Workday CEOs To SaaS Customers: “You Are The Revolution”

In 2006, Workday was a tiny HR software startup with one customer. Four years later, on a balmy Tuesday morning in San Francisco, co-founder Dave Duffield spoke to hundreds of Workday Rising conference attendees about the significance of the gathering.

In 2006, Workday was a tiny HR software startup with one customer. Four years later, on a balmy Tuesday morning in San Francisco, co-founder Dave Duffield spoke to hundreds of Workday Rising conference attendees about the significance of the gathering.

“You are part of a revolution,” Duffield told a filled-to-capacity ballroom at the Intercontinental Hotel. About 800 customers, prospects, and employees were in attendance, up more than 40% since last year.

The revolution−as anyone remotely aware of what’s happening in the software industry knows−is cloud computing, and Duffield and Aneel Bhusri, also co-founder and co-CEO, cited numbers to demonstrate the enterprise world’s hunger for this revolution−and more specifically, Workday’s human resources and financial software delivered in a software-as-a-service (SaaS) model.

While Workday has been careful to manage growth in its early years, nearly 700,000 employees at customer sites are now using Workday−with 20% of them signing in from outside North America− and the Workday system is processing 33 million requests each week, Duffield said.

But most relevant to this notion of a revolution is that more than 40% of Workday customers switched over from one of the few remaining top-tier traditional ERP software vendors, according to numbers provided by Bhusri.

“2010 is the year that cloud computing reached the mainstream,” Bhusri told attendees. “Five years from now, people will look back and say this time frame was the tipping point when anything that was innovative came through the cloud model.”

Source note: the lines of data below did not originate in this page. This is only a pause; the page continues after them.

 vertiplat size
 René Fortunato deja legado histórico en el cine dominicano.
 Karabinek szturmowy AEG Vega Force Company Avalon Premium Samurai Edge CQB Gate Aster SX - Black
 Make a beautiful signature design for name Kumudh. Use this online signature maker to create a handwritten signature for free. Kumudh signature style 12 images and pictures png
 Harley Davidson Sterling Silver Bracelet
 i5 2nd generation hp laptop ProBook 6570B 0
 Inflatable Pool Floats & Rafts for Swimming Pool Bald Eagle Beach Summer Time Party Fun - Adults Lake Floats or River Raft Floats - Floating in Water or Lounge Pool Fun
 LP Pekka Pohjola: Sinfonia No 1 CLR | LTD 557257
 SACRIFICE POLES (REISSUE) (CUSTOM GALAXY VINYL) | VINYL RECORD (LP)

The co-CEOs emphasis on the cloud computing revolution may have seemed a little removed to, say, HR managers in the audience more focused on the features and functions of Workday HCM than the dynamics of the enterprise software industry. (And, they’ll learn plenty of drill-down product details during sessions taking place throughout the conference.)

But it’s clearly Duffield’s and Bhusri’s belief that the cloud computing revolution touches every one of its customers, as it upends the traditional approach to enterprise software and opens the door to more rapid and useful innovations.

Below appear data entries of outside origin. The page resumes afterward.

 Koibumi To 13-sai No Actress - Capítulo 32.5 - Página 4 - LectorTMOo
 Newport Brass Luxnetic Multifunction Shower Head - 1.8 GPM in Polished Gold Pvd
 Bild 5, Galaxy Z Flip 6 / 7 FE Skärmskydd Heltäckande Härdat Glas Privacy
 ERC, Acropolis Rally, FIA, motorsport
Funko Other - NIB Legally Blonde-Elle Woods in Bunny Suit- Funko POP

Take multitenant system architectures, which Bhusri noted are used by the who’s who of cloud computing: Google, Amazon, Salesforce.com, Rackspace, and of course, Workday. Multitenant means that Workday can update customers at the same time, providing a steady and predictable schedule of new features and functionality. Multitenancy lets vendors focus more resources on building great software and systems and their customers focus fewer resources on maintaining and upgrading systems. (In December, all customers are scheduled to go live on Workday 12).

Workday’s development approach also calls for separating the user interfaces from core applications, Bhusri said, which lets it keep pace with rapidly evolving user preferences. Phenomenal consumer reception of the Apple iPad, for example, points to the growing preferences of all users to be able to touch their way to information and navigate with fingers rather than mouse clicks. In Workday Labs, a newly formed research and innovation center, Workday is working on a prototype of an iPad application for Workday users.

“It’s innovating not for the sake of innovating,” Bhusri said, “but for making your work lives better.”